LSO/Gergiev – Mahler 9

Mahler
Symphony No.10 – Adagio
Symphony No.9

London Symphony Orchestra
Valery Gergiev


Reviewed by: Kenneth Carter

Reviewed: 5 June, 2008
Venue: Barbican Hall, London

The last photograph of Gustav MahlerIt was an evening of adagios. The final one was the Ninth Symphony’s last movement. It was hushed and memorable – a highlight and a culmination. It begins with muted leave-taking gradually increasing in ardour, rising to a head of throbbing intensity and then subsiding. Thereafter, the music moves slowly and deliberately, ever quieter … “The rest is silence…” (“Hamlet”).

The LSO strings were impeccable – and, quietly, very moving and with a repertoire of vibratos impassioned yet restrained – whether ardent or falling away, dispirited or stoically resigned, warm or bleak. This was an aria. The writing was simple; its themes were orchestrated richly, then sparingly, and handed soulfully from one body of strings to another in relay. The movement progressed in a single impetus of sustained continuity. Mahler was deeply moved, but also seriously uncomplicated. In this sense, the writing has operatic directness rather than symphonic subtlety. It suited Gergiev.

The rest of the evening was much more of a curate’s egg. The opening of the Ninth Symphony is a case in point. Musically, it is sophisticated. Broken phrases herald and complement a threnody. Phrases and melody must cohere in a forward pulse that has to be present and steady – utterly steady (listen to Boulez or Kondrashin). The music is greatly moving precisely because it combines hesitancy and stability. In Gergiev’s hands, it was a shambles. He highlighted this clumsiness himself some fifteen minutes into the movement.

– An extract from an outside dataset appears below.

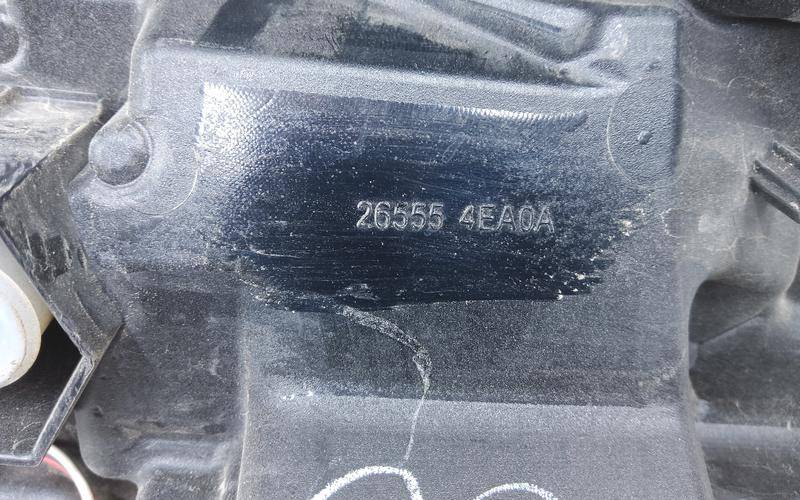 Фонарь задний наружный левый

The themes returned, but capably handled, with sturdy pulse; Gergiev seems happier with coloured brass rather than succulent strings.

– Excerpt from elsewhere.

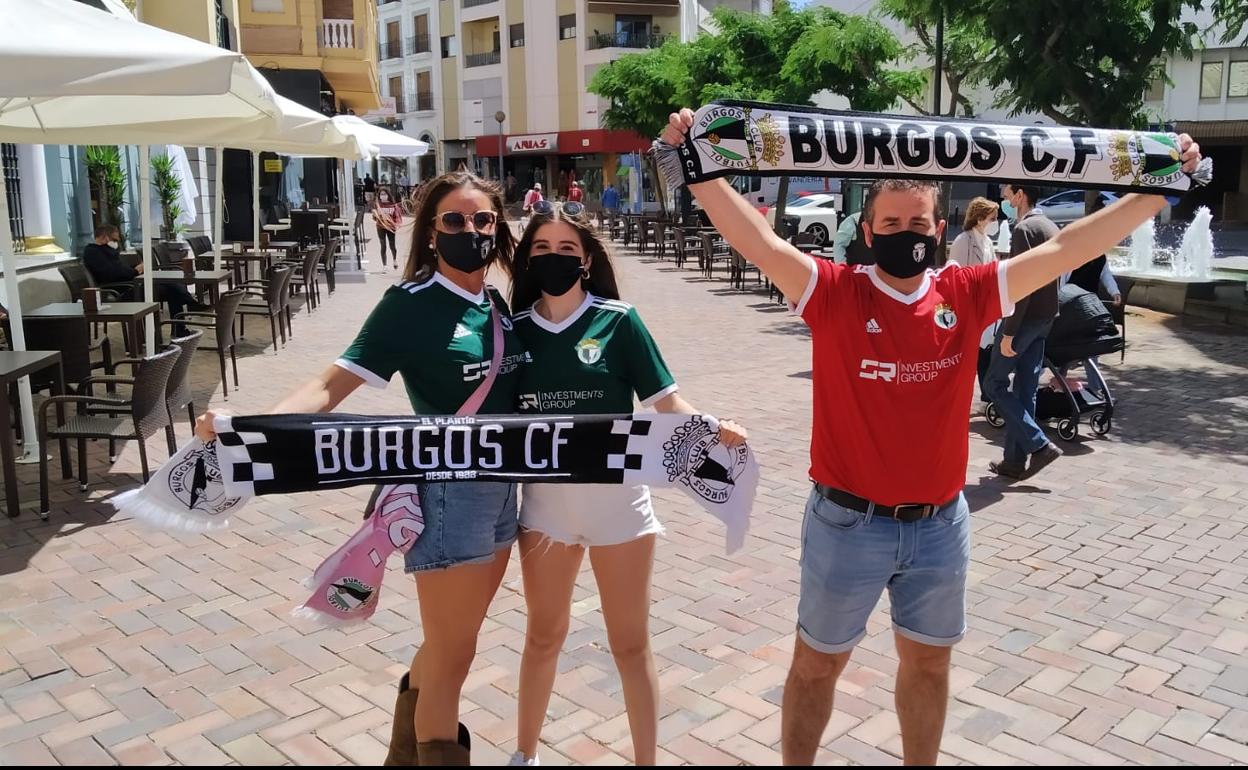 Natalia, Claudia y Eduardo posan con las banderas del Burgos CF en Almendralejo.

This respite was wedged into the movement between two of Gergiev’s dreadful, mechanised climaxes. They appear suddenly, without preparation, as brief explosions. They are the same every time, identical products of the one munition factory. Twice they were effective – in the two great dissonant explosions towards the end of the (left unfinished) Tenth Symphony’s opening Adagio.

Gergiev is not at his best with counterpoint, either; it is a hit and miss affair. Sometimes the different strands are vividly interwoven; at others the noise resembles thick knitting that cannot be unravelled. He has, further, no ear for the grotesque, irony or mischief. Thus, his delight in the distinctive sounds available from brass, woodwind and timpani is joyous, but his ear for their capacity to be raucous or laughter is minimal. As a result, much of Mahler’s mocking view of life passes Gergiev by. Nor does he cope adroitly with the intricacy of Mahler’s moods and their swift, fleeting changes – his cavalcade of emotions and carnival of humours, their gaudy floats lurching from one side of the concourse to the other.

As a result, Gergiev offers much of Mahler’s music as a lumpen, heaving mass – dark, doughy and shapeless. He has no simple, soaring melody to see him through – an aria to show him the way. Mahler needs conductors who see into his genius perceptively and who can discern a single-minded outlook in the turbulent variety that comprises his vast, sprawl.